The quality of these meta-analytic data cannot go beyond the quality of the individual studies included. Although all studies fulfilled a minimum threshold of quality and the majority of studies considered confounding variables, a meta-analysis of observational data is open to residual confound and bias. Whereas we made an attempt to allow for multiple confounding by including adjusted estimates from multivariate models from each contributing study, many studies did not report adjusted estimates. Second, the results can only be representative of the studies that have been included, although there was no evidence of publication bias for the primary findings. Third, the vast majority of studies used sleep questionnaires, as opposed to diagnostic criteria or objective measures such as actigraphy or polysomnography, to assess sleep disturbance and sleep duration. Nevertheless, sleep diaries, actigraphy, and polysomnography from some large population and small-scale investigations have shown high correlations with subjective-estimates of sleep duration (125, 126). Fourth, sleep disturbance and/or sleep duration was assessed at one point in time in all studies, which neglects testing the possibility that persistent sleep problems may have more robust effects on inflammation. Fifth, insufficient data were available to examine systematically whether those with clinically severe insomnia (34) or extreme short sleep duration (<5 h) (27, 71, 72) were more likely to evidence inflammation. Finally, none of these studies were prospective in design which limits any conclusions about the direction of the associations as acute elevations in markers of inflammation can also alter sleep amounts and sleep depth (9).
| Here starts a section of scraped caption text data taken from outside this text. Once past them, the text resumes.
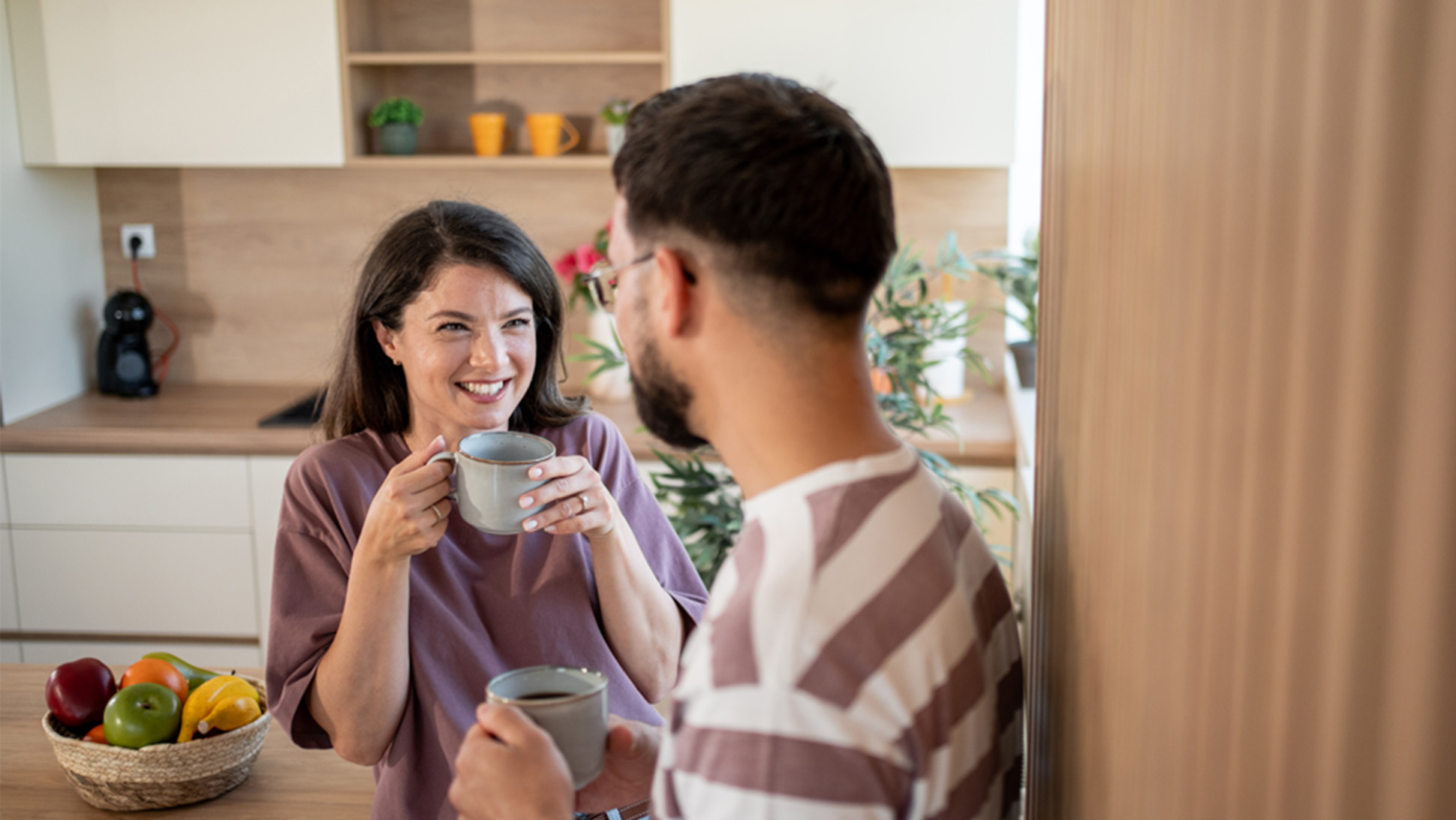 Mortgage refinance in Canada: how it works
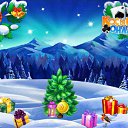 ���� Saaber, ������, 70 ��� - ��������� 7 ������� 2016 � ������ �������� �������-�������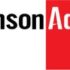 Tait Morton Johnston Pty Ltd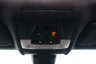 USED 2015 65 BMW X5 3.0 40d M Sport SUV 5dr Diesel Auto xDrive Euro 6 (s/s) (313 ps) Panoramic Sunroof, Parking Sensors,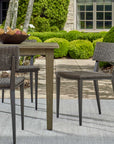 Calbas - Outdoor Dining Chair
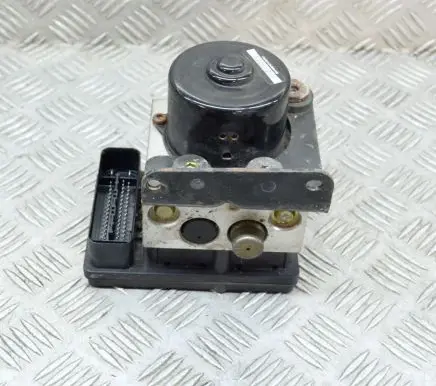 SsangYong Kyron ABS Pump 4891009000 06210203054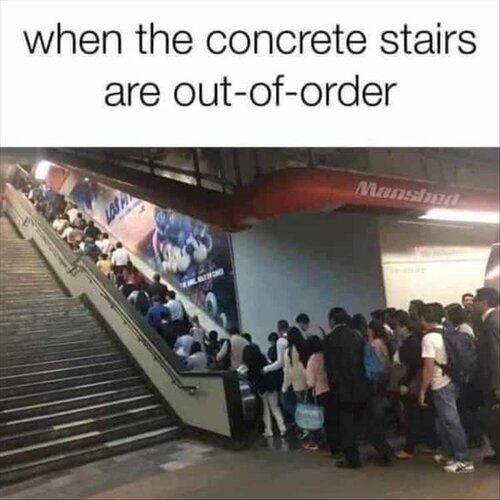 MrGSmokeFree Out of order.jpg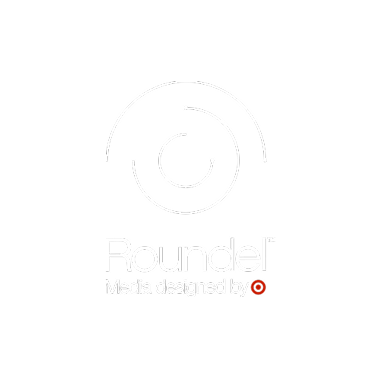 Roundel Logo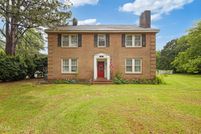 Property for sale in Hoke County, North Carolina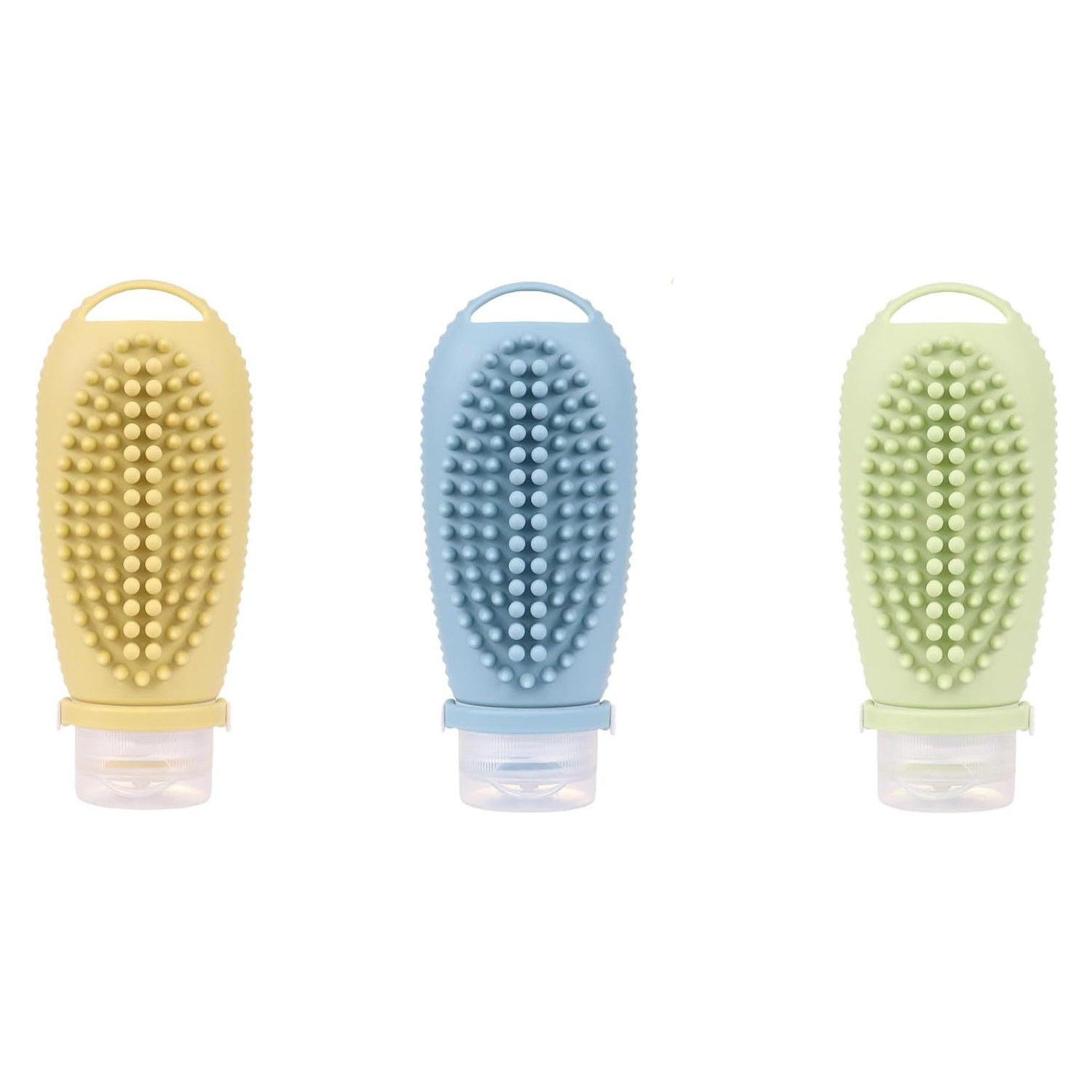 1 pc-(Contact us to choose color)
Whereas no study has systematically evaluated whether elevated levels of inflammation mediate the association between sleep disturbance and cardiovascular disease or other diseases that have an inflammatory component including cancer and depression, extensive data show that sleep disturbance, as well as extremes of sleep duration, are linked to multiple morbidities and mortality (9). Sleep disturbance, and long sleep duration, should be regarded as additional behavioral risk factors for inflammation, which are amenable to modification through treatments that target sleep behaviors. Indeed, treatment of insomnia been found to reduce inflammation (17, 18), and together with diet and physical activity, represent a third component in the promotion of sleep health.